Timing is a little more vague, with the Government promising to introduce legislation to Parliament “as soon as parliamentary time allows”.
Can peeking be a private nuisance? The Supreme Court to decide…
If visitors to the Tate Modern public viewing platform can see straight into the interior of neighbouring flats with floor to ceiling windows - and take full advantage of the fact - does this amount to an actionable private nuisance?
This is the question that the Supreme Court has been asked to decide in Fearn and others v Board of the Trustees of the Tate Gallery.

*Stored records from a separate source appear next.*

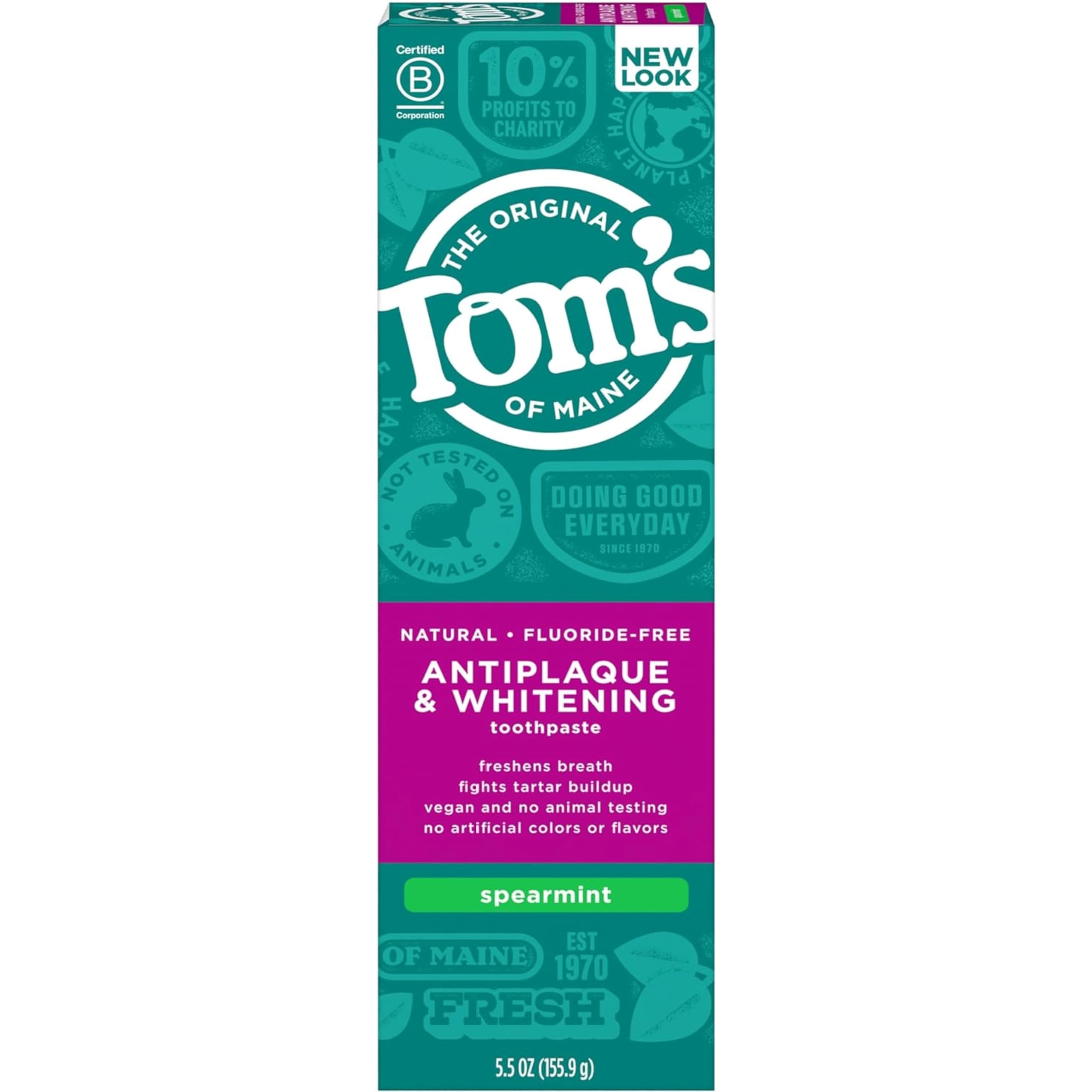 Tom's of Maine Fluoride-Free Antiplaque & Whitening Natural Toothpaste, Spearmint, 5.5 oz.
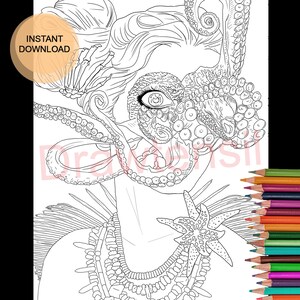 Mermaid octopus coloring page printable download mermay by drawtensil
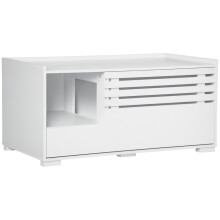 Kattenkast voor buiten met 2 planken, 2-in-1 ontwerp, magnetische deur, wit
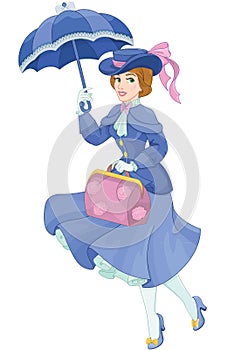 Young woman with blue umbrella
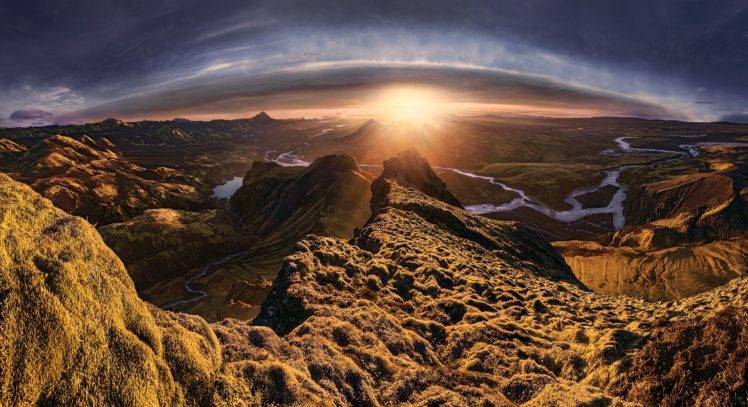 sunset, Iceland, River HD Wallpaper Desktop Background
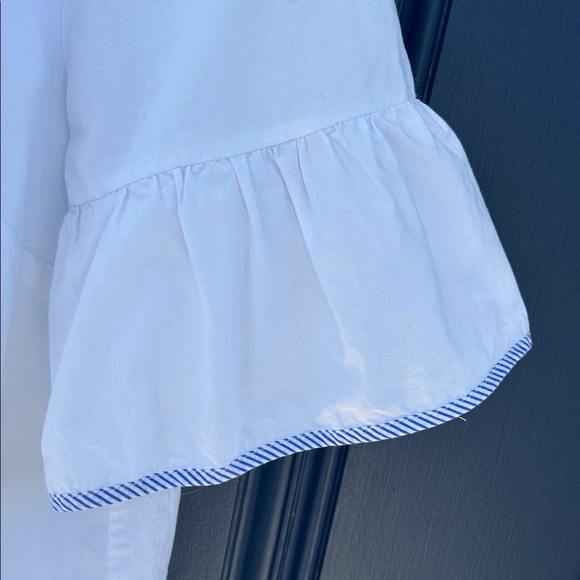 JCrew Tipped Button-Back Bell Sleeve White Cotton Top with blue trim - Picture 5 of 13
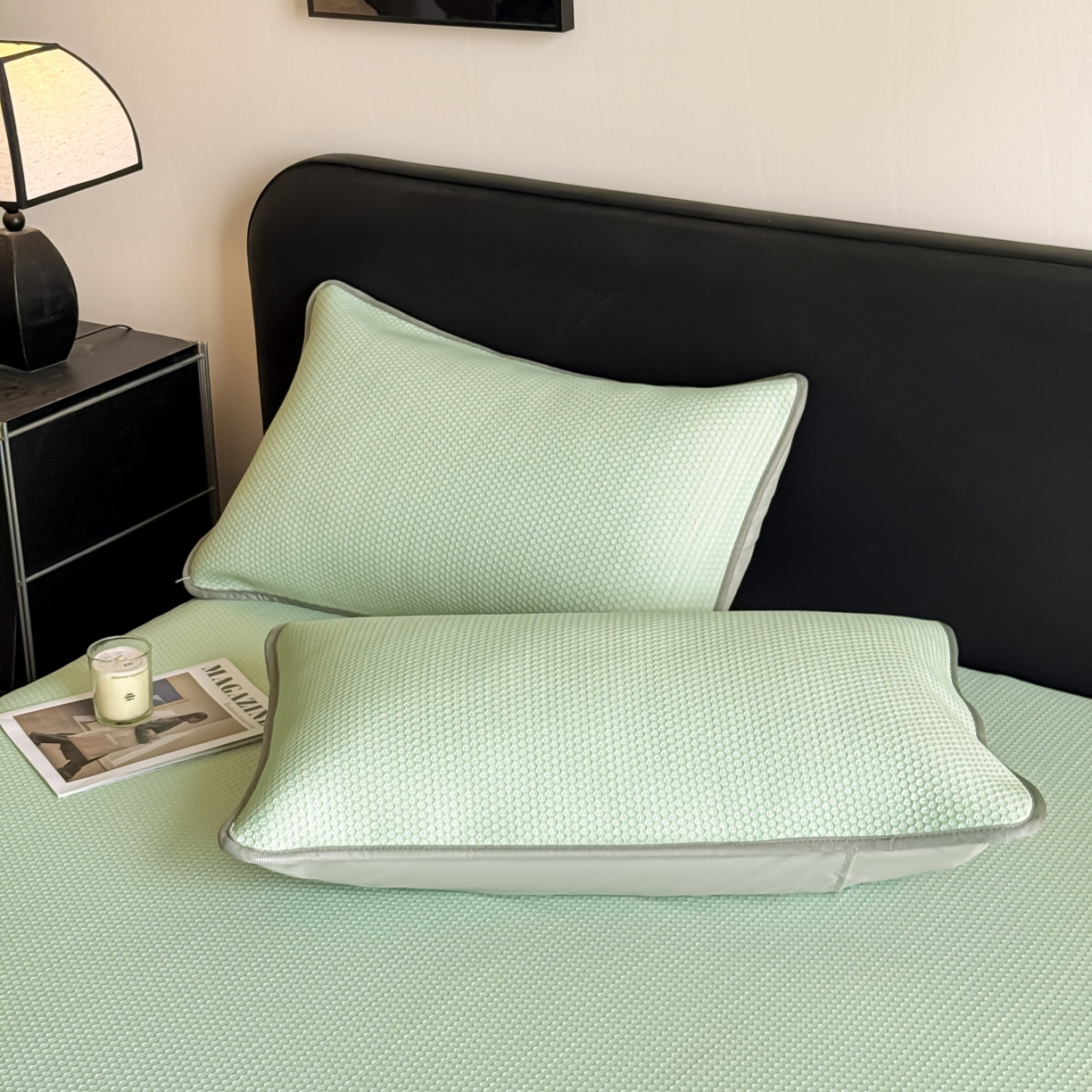 91家纺网 家纺一手货源 找家纺 欧邦 2026新款PE中分子提花冰豆豆床笠凉席 蜂巢-草绿-床笠款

Four long leasehold owners in a new development adjacent to the Tate Modern whose flats are directly opposite the Tate Modern’s viewing gallery sought an injunction requiring the Tate to prevent members of the public from observing their flats, alleging that this unreasonably interfered with their enjoyment of their flats and amounted to a nuisance.
The Court of Appeal had disagreed, holding that a private nuisance is a violation of real property rights and had no hesitation in concluding that mere overlooking is not capable of giving rise to a cause of action in private nuisance. It also rejected the argument that public viewing from the Tate Modern viewing gallery into the leaseholders’ flats infringed their rights to respect for their private lives and their homes under article 8(1) of the European Convention on Human Rights.
The leaseholders’ appeal against those decisions was heard by the Supreme Court earlier this month. Will their Lordships decide that private nuisance is capable of providing a remedy against ‘viewing’ from neighbouring land? We await their judgment with great interest given its significance in a wider context.